Artichokes are notoriously laborious to clean. This preparation does away with virtually any trimming and lets you experience eating this delicious thistle after being roasted over wood coals. If you want, you can use charcoal briquettes. Just make sure they are not impregnated with lighter fluid or any other chemicals you would not want to consume. I did these in the dying embers of my wood fired oven after making some pizza.

Prepping your thistles: lop off about 1/2 inch of the top of each artichoke with a serrated bread knife. Slice the very end of the stem (do NOT cut off the entire stem – it tastes just as good as the artichoke heart). Gently spread the leaves outward to make spaces for the marinade to drip in. Season the tops with salt.
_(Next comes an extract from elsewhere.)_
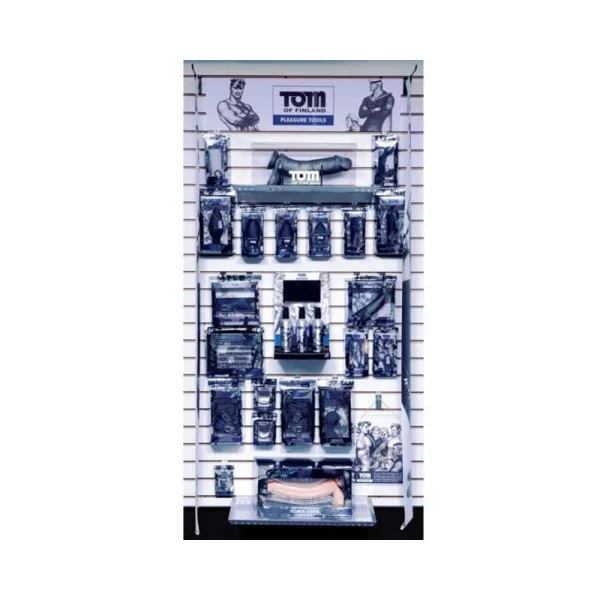Tom Of Finland Planogram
Add about a 1/4 cup of extra virgin olive oil to a bowl for every 4 medium artichokes. Add a splash of limoncello if you have it. Crush and mince a few cloves of garlic and add them to the bowl. Zest a lemon and add to the mixture, then squeeze the juice into the bowl. Season with fresh cracked pepper and salt and whisk until combined. Spoon the marinade over the tops of the artichokes and let the mixture seep between the leaves. Lay the ‘chokes on your bed of coals and turn them every 10 minutes or so. Roast until the outer leaves are blackened and the ‘chokes are tender – about 30 to 40 minutes.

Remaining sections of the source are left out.